### Aim of the exercise:
A faithful copy of the data is the goal; set it down exactly, without the images.

### Image-text web data:
***
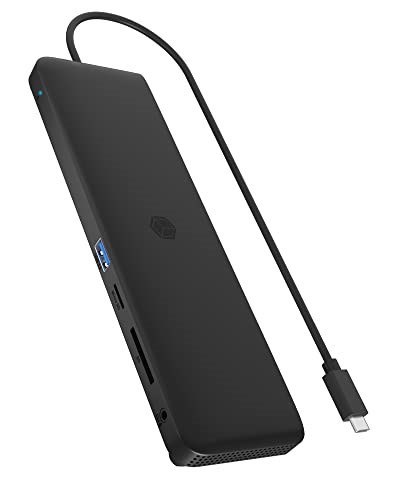 No name Stacja dokująca IcyBox USB Type-C mit dreifach Videoausgabe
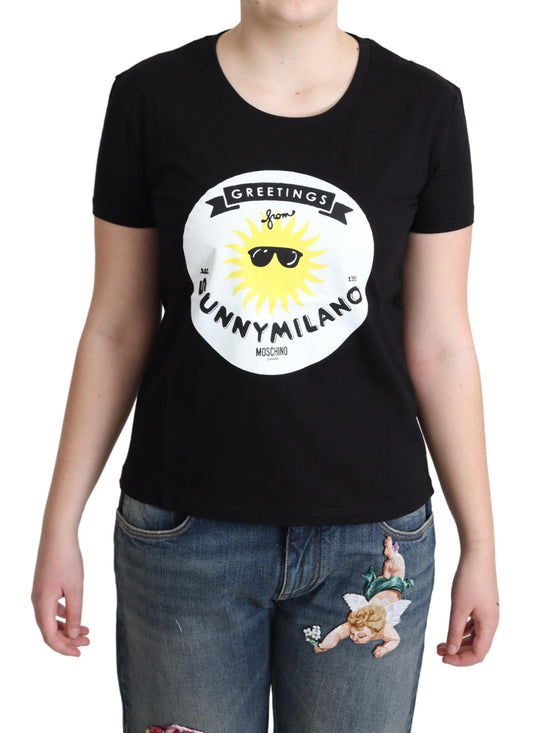  - Chic Moschino Cotton Tee with Milano Print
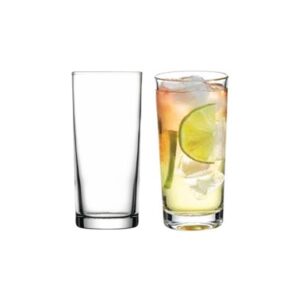 PASABAHCE LONG DRINK GLASS 200CC (6 3/4 OZ) 6 PCS SET 4*6 IN BOX RAKI
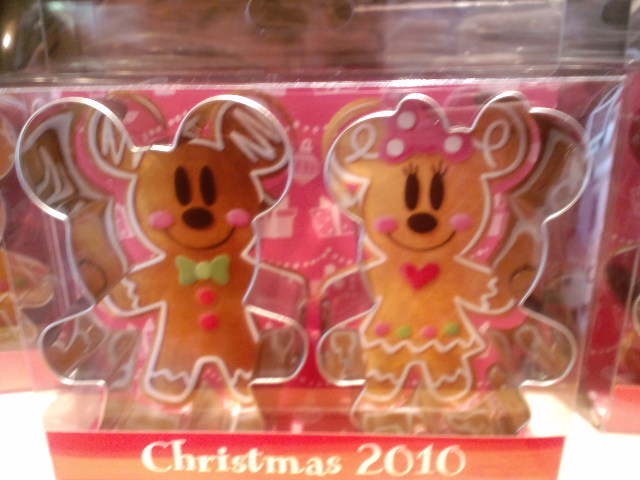 新品本物 クッキー型 ディズニーランド クリスマス 食器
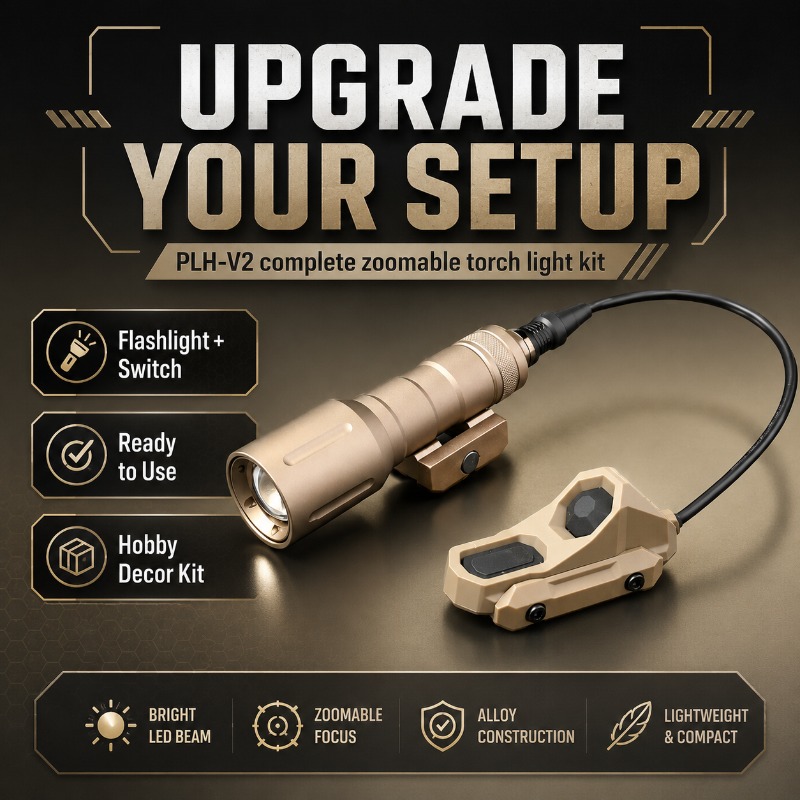 Sturdy PLH‑V2 Rail‑Mount Torch - Zoom Lighting Kit review and price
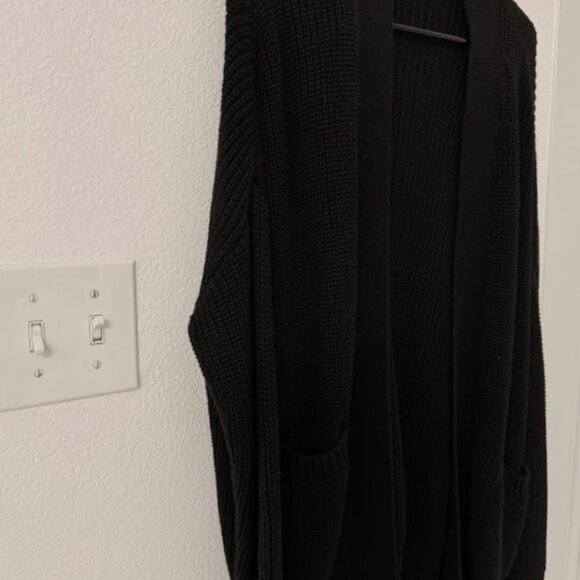 Topshop Black Cardigan Unisize S-L - Picture 3 of 8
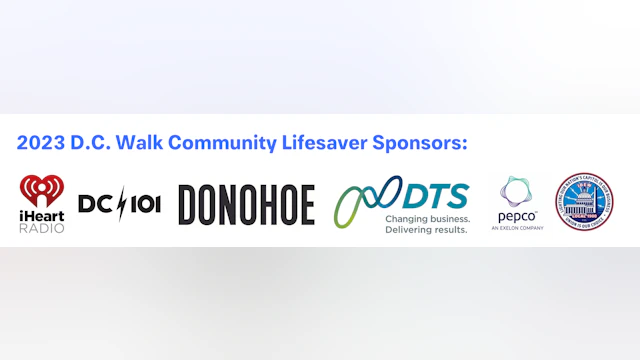 2023 Washington, D.C. Out of the Darkness Walk Community Lifesaver Sponsors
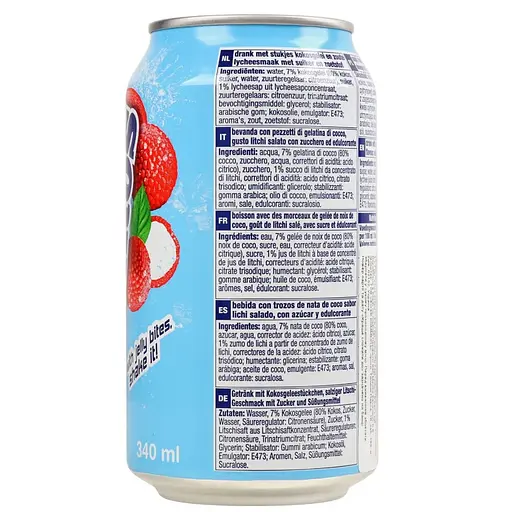 Напій Mentos Salty Lychee газований безалкогольний 0.34 л - фото 3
***
### Exercise result:
 No name Stacja dokująca IcyBox USB Type-C mit dreifach Videoausgabe
  - Chic Moschino Cotton Tee with Milano Print
 PASABAHCE LONG DRINK GLASS 200CC (6 3/4 OZ) 6 PCS SET 4*6 IN BOX RAKI
 新品本物 クッキー型 ディズニーランド クリスマス 食器
 Sturdy PLH‑V2 Rail‑Mount Torch - Zoom Lighting Kit review and price
 Topshop Black Cardigan Unisize S-L - Picture 3 of 8
 2023 Washington, D.C. Out of the Darkness Walk Community Lifesaver Sponsors
 Напій Mentos Salty Lychee газований безалкогольний 0.34 л - фото 3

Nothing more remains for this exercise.